Apache Kafka is an open-source stream-processing software platform developed by LinkedIn and donated to the Apache Software Foundation, written in Scala and Java. The project aims to provide a unified, high-throughput, low-latency platform for handling real-time data feeds. (Wikipedia).

Brokers: is a Kafka Server. A Kafka cluster is composed of multiple brokers.

  • Each broker is identified with its integer ID.
  • Connected to any broker, you will be connected to the entire cluster.
  • Each broker has some kind of data, not all data.
  • Each broker contains certain topic partitions.
  • A good number of the broker is 3 for a cluster.

Kafka Broker Discovery:

  • Every Kafka broker is also called a “bootstrap server”. It means you only need to connect to one broker and you will be connected to the entire cluster.
  • Each broker knows about all the information about the other.

Topic: is a particular stream of data.

  • It is similar to the table in Database like MySQL.
  • A topic is identified by its name

Partitions: The topics are split into partitions. Partitions have numbers and it starts from 0 and increases to 1,2,3,…

  • Each partition is ordered.
  • Each partition not going to have the same number of messages. It’s independence.
  • Can change the number of partitions in a topic when topic created.
  • Each message within a partition gets an incremental id, called offset.

Offsets: When you push a message to the topic.
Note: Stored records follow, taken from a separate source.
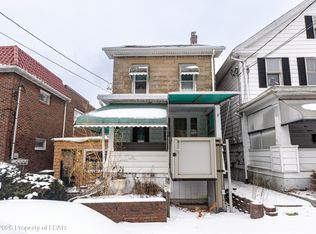 572 Arthur St, Hazleton, PA 18201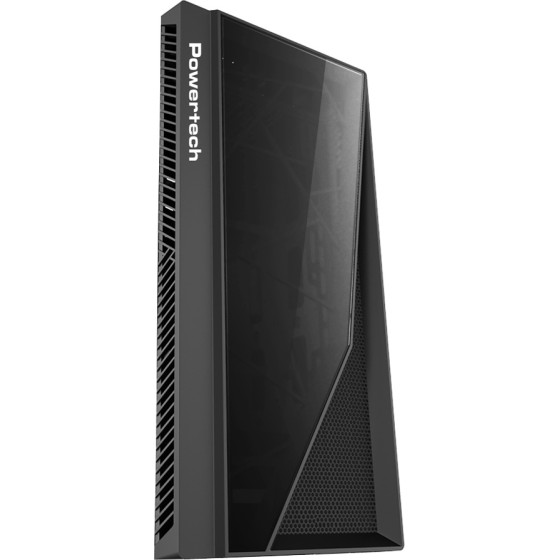 Powertech �����/�o ��������� ����� ��� Pc Case PT-743 - (PCFRB-010)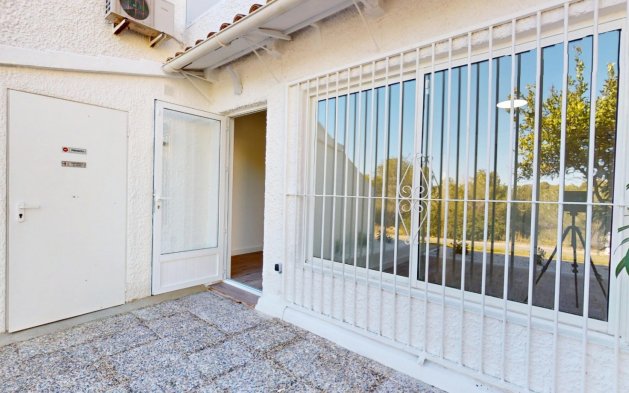Perpardavimas - Butas - Orihuela Costa - Villamartín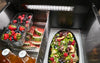 KitchenAid 4.4 Cu. Ft. Under-Counter Refrigerator - KUDR204KSB 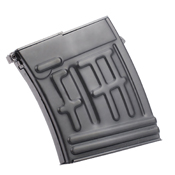 Dragunova SVD 60rd Airsoft Magazine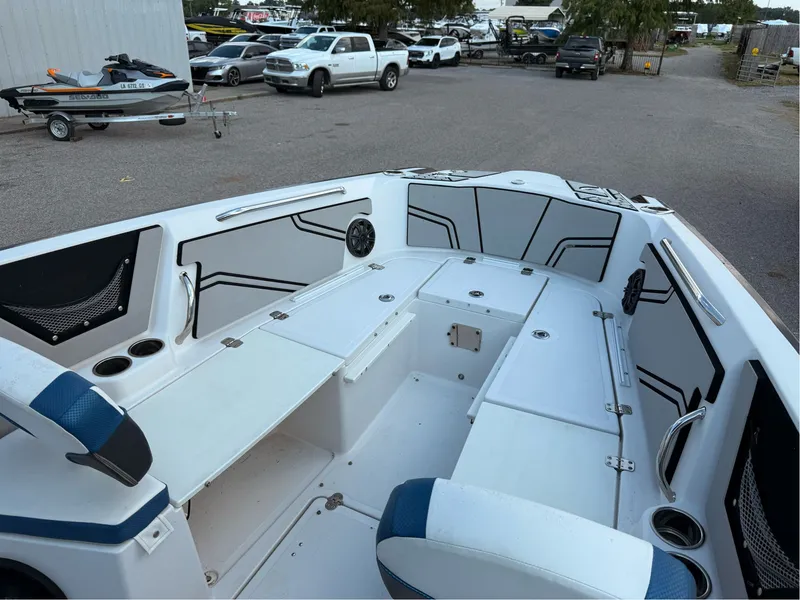 Slide: The Image of Scarab 255 Open ID 2018 - 17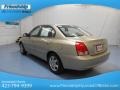 Champagne Metallic - Elantra GLS Sedan Photo No. 8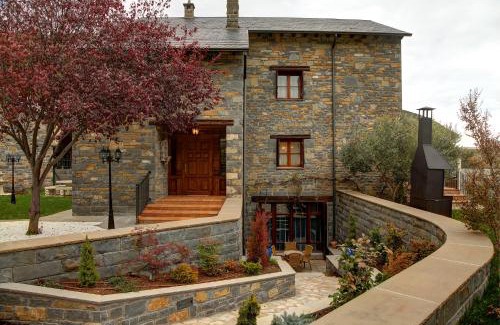Fiscal Maison | Casa Rural Villa Gervasio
The first message to partition 0 is going to have the offset 0. The next is going to 1,2,3,… The same with partition 1,2,…

  • The data is kept only for a limited time.
  • Offset only have a meaning for a specific partition.
  • Order is guaranteed only within a partition.
  • The data is written to a partition can’t be changed.
Topic, Partition, Offset (Source: Apache Kafka)

Topic Replication Factor: Topic Replication Factor is the reason makes Kafka distributed. If a machine goes down, Kafka Cluster still receives the message and send messages to the consumer normally. That is the Topic Replication Factor. The replication basically allowed us to ensure that data wouldn’t be lost.

  • Topics should have a replication factor > 1.
  • If a broker is down, another broker can serve the data.
  • One is going to be the leader and other is going to be the follower (ISR -> in-sync replica).
  • The producer sends a message to Kafka Cluster. That message is going to be sent to partition leader and copied to the partition follower.
  • At the same time, only one broker can be a leader. The only leader can receive and serve data.

Example: Like the image below:

  • The replication factor is 2. It means one message from the producer is going to send to Partition0 of Broker0, and then it is going to be copied to Partition0 of Broker1 and Partition0 of Broker2.
  • When the Broker1 is down, Broker0 and Broker2 can still serve the data.
  • When the Broker0 is the leader partition, which is down. Broker1 or Broker2 will become the leader. When Broker0 is back, It will be the leader again.
Topic Replication Factor (Source: dzone.com)

Producer: Producers write data to topics.

  • Broker failures, Producers will auto recover.
  • If you send the data without a key, the data will be sent round robin to each Broker in Cluster. (Load Balancing).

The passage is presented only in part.